Web page caption snippets
────────────────────

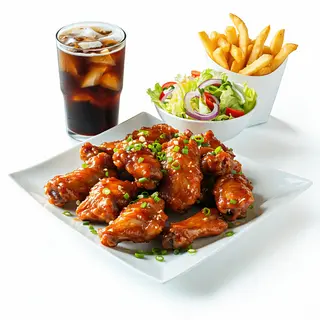 10.Menú Alitas De Pollo Con Ensalada, Patatas Y Bebidas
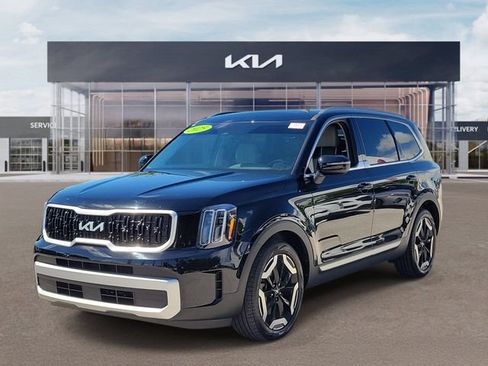 Certified 2025 Kia Telluride EX FWD image 3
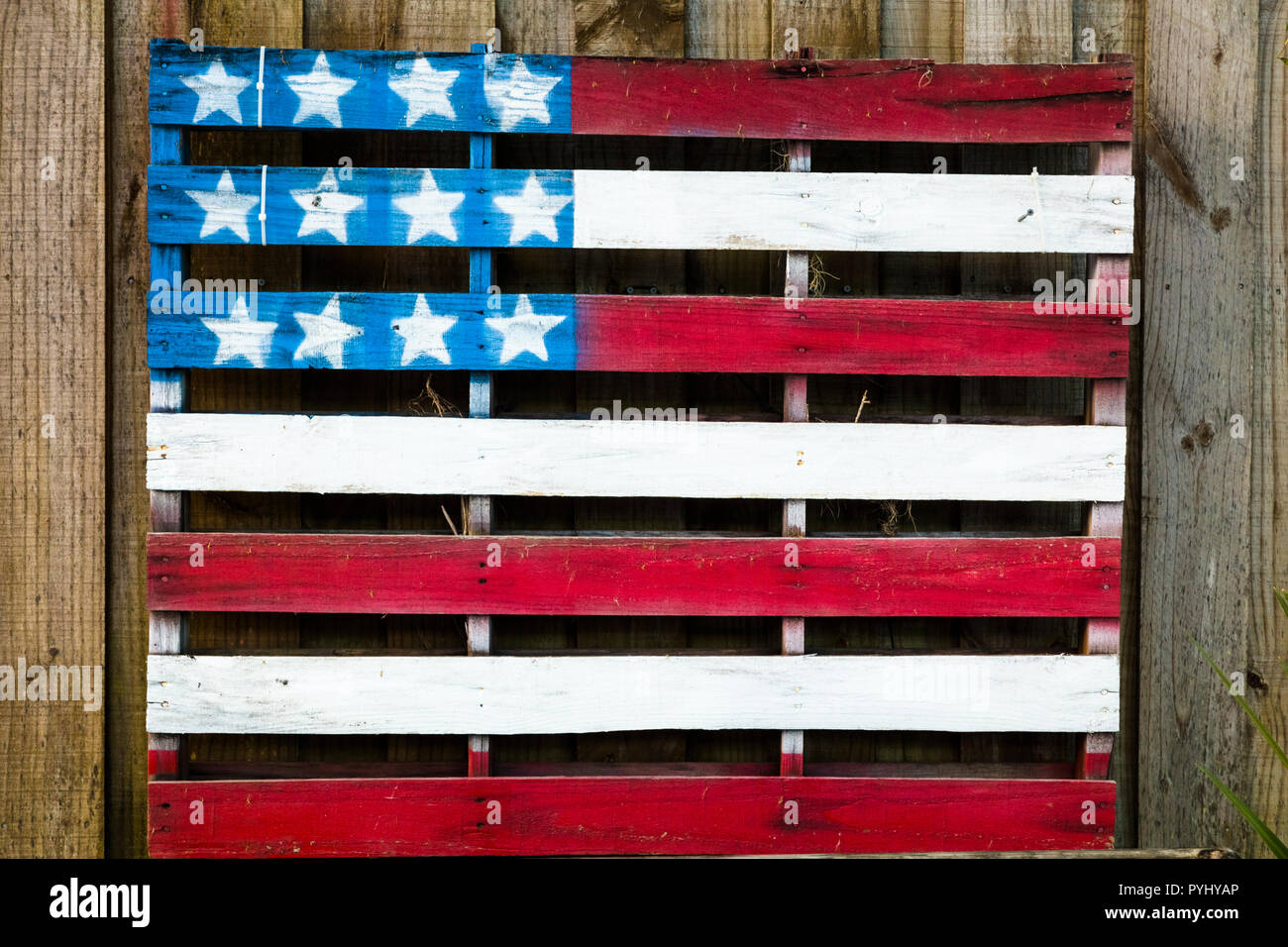 Painted pallet hi res stock photography and images Alamy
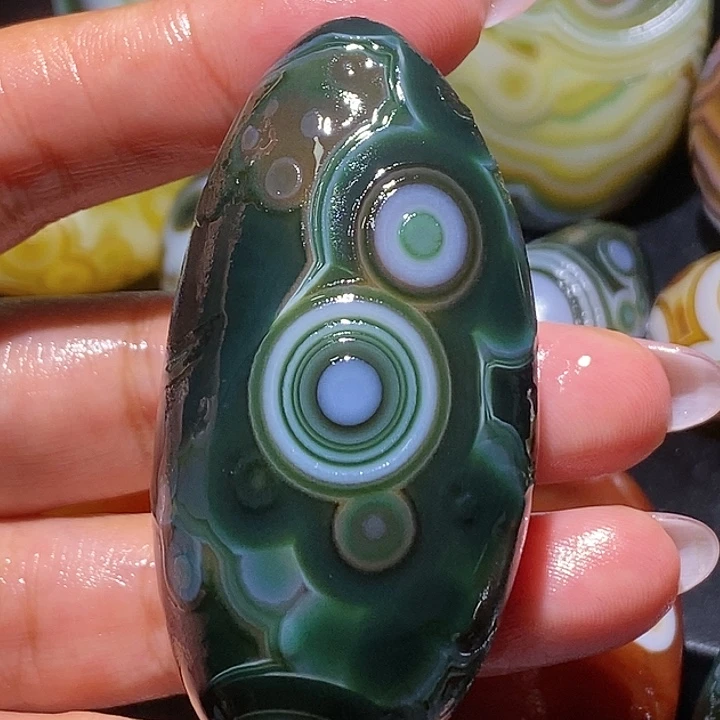 玛瑙/玉髓未镶嵌珠宝奇石68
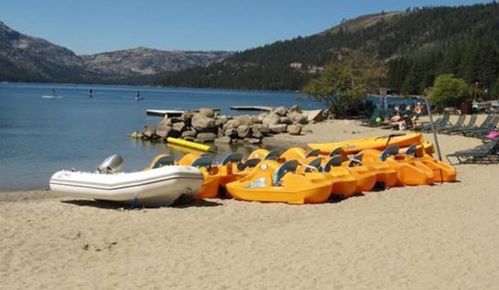 11591 Snowpeak Way, Truckee CA  96161-7093 exterior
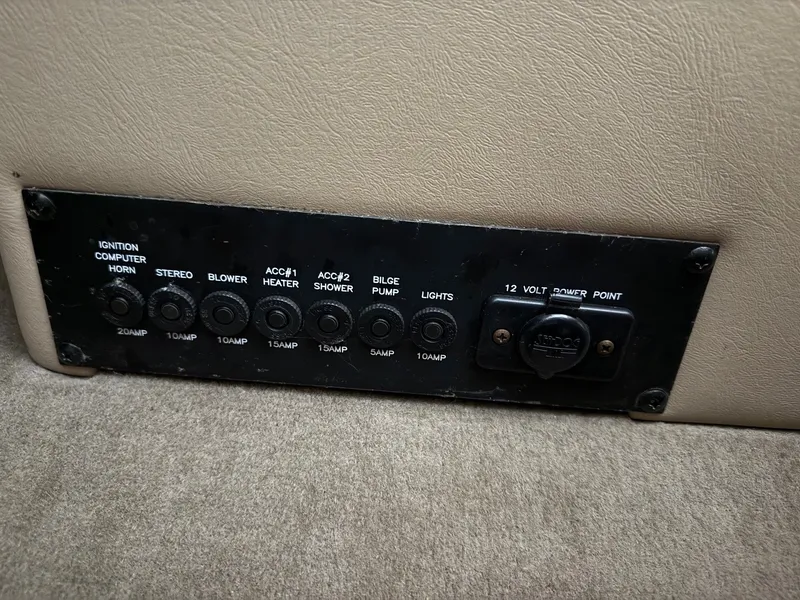 Slide: The Image of Malibu Escape Lsv 2000 - 11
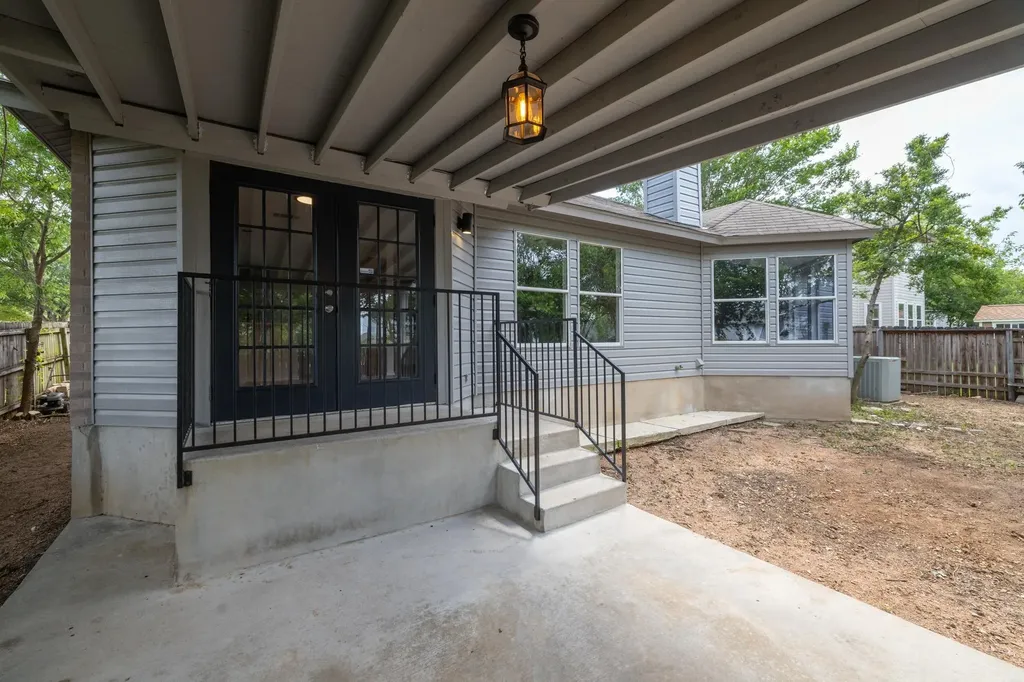 708 Justeford Drive Pflugerville TX 78660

────────────────────

- [PROMPT]:
Could you write out the records exactly while omitting every picture?

- [ANSWER FOR THE TASK]:
 10.Menú Alitas De Pollo Con Ensalada, Patatas Y Bebidas
 Certified 2025 Kia Telluride EX FWD image 3
 Painted pallet hi res stock photography and images Alamy
 玛瑙/玉髓未镶嵌珠宝奇石68
 11591 Snowpeak Way, Truckee CA  96161-7093 exterior
 Slide: The Image of Malibu Escape Lsv 2000 - 11
 708 Justeford Drive Pflugerville TX 78660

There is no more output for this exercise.